Tables is designed to support a near infinite number of rows. However, unlike SDS they will only provide a very limited API for querying. All records in a table must use a 2 “column” composite key consisting of a partition key and a row key. Choosing the proper key extremely important with tables. Azure will store items with the same partition key (close) together. In addition, it will seek to optimize access to hot data by the partition key. Anytime you execute a query without a partition key, a full table scan will be required.

Blobs provide as the name implies, storage for files.

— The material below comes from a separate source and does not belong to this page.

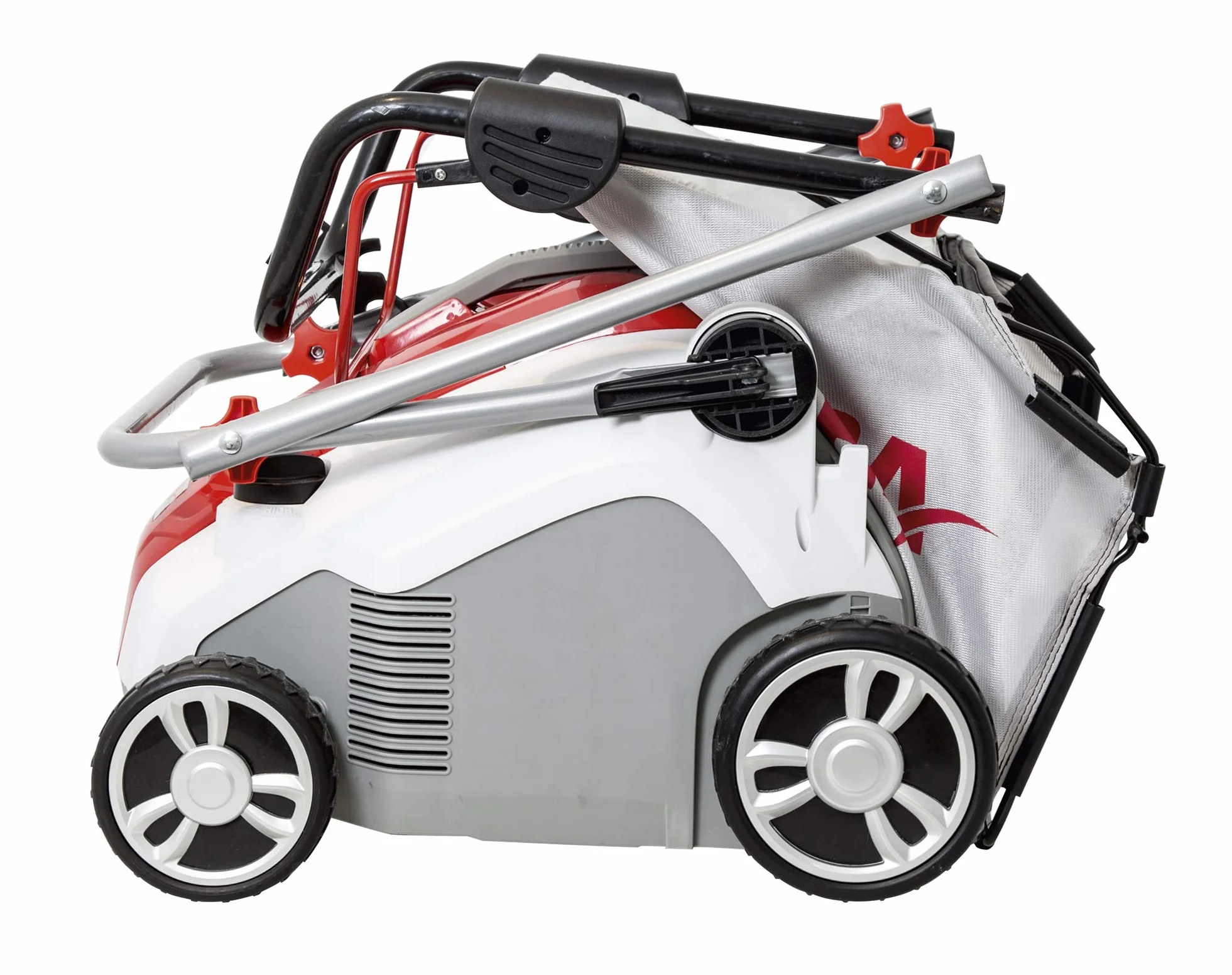 IKRA scarificatore arieggiatore elettrico IEVL 1738, cesto di raccolta 50l, larghezza di lavoro 38cm, profondità di lavoro regolabile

Queues, again as the name implies queues are well…queues. Messages in a queue need to be 8kb or less and (at least during the CTP) any message which exists in the queue for more than 2 weeks will be automatically deleted. The Queue API will ensure that a single message is returned to a single caller for a designated amount of time. If the message is not deleted with in a designated amount of time the message will be re-queued.

What, when, where, why?

  • Both options provide blob storage. However, the SDS blob functionality is very simple. Files can be a max of 100mb. On the Azure side of things, files can theoretically be of any size. However, anything over 4mb must be inserted in blocks using the blocklist API. I would expect to see a lot more innovations/options on the Azure side of things.
  • If you need to query your data, use multiple sorts, and/or joins, SDS is what you are looking for.
  • If you need to have related objects exist in a list that you may or may not use and in memory ordering/filtering is a viable option, Azure table storage is for you.
  • While these are separate services, I fully expect most applications will leverage both of them (as well as .NET Services).
  • Neither Azure tables or SDS provide query aggregates at the moment (count, sum, etc). These are on the roadmap for SDS and I would expect you will not see them anytime soon in Azure.
  • Queues are built on tables. Not sure why that is helpful, but I found it interesting.